Our panel, “Interpreting the Past Through Comics” features three comics creators making a real impact on using the sequential art medium to talk about history through new and fresh eyes.
Justin Eisinger is the editorial director for graphic novels & collections at IDW, and co-wrote They Called Us Enemy with Star Trek’s George Takei, recounting Takei’s very personal and tragic history in Japanese-American internment camps during World War II.
David Walker, known for his work with Marvel, DC and the breakout indie hit Bitter Root, took a look at black power in the civil rights era in his new Black Panther Party Graphic Novel History, a fantastic follow-up to his previous historical graphic novel biography of Frederick Douglass.
Brian Hawkins is the newest voice on the panel. A rising star in the indie comics scene, Hawkins co-writes Black Cotton with Patrick Foreman, taking on a very current history of police violence in America through an alternate history lens and asking the question “what if the ruling class was black and the oppressed were white?”

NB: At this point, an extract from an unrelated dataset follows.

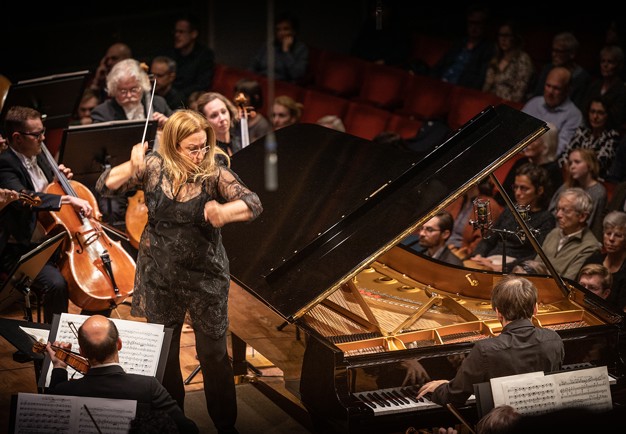 Man som spelar piano. Fotografi.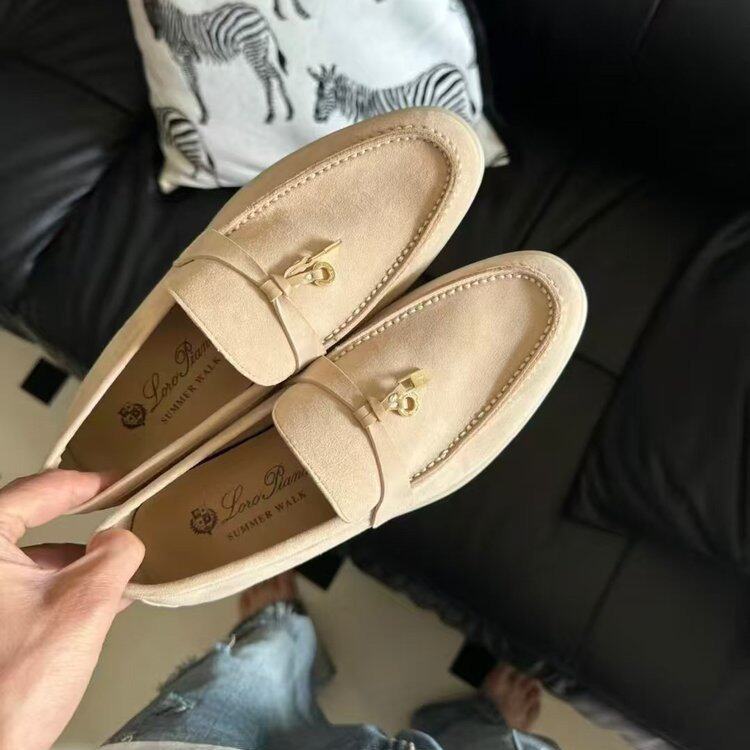 杏色平底乐福鞋女春秋复古吊坠套脚一脚蹬反绒皮通勤百搭懒人单鞋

All three creators offer unique perspectives and engaging stories that could very well send a young kid (or several) on a journey into deeper historical analysis and civic awareness. They offer a gateway to better understanding the history of the world we live in if we just open to the cover page.
May 11, 2021, 6:30pm EST
Panelists: David F. Walker (Black Panther Party Graphic Novel History, Bitter Root, Luke Cage, Occupy Avengers), Justin Eisinger (They Called Us Enemy), and Brian Hawkins (Black Cotton, Devil’s Dominion).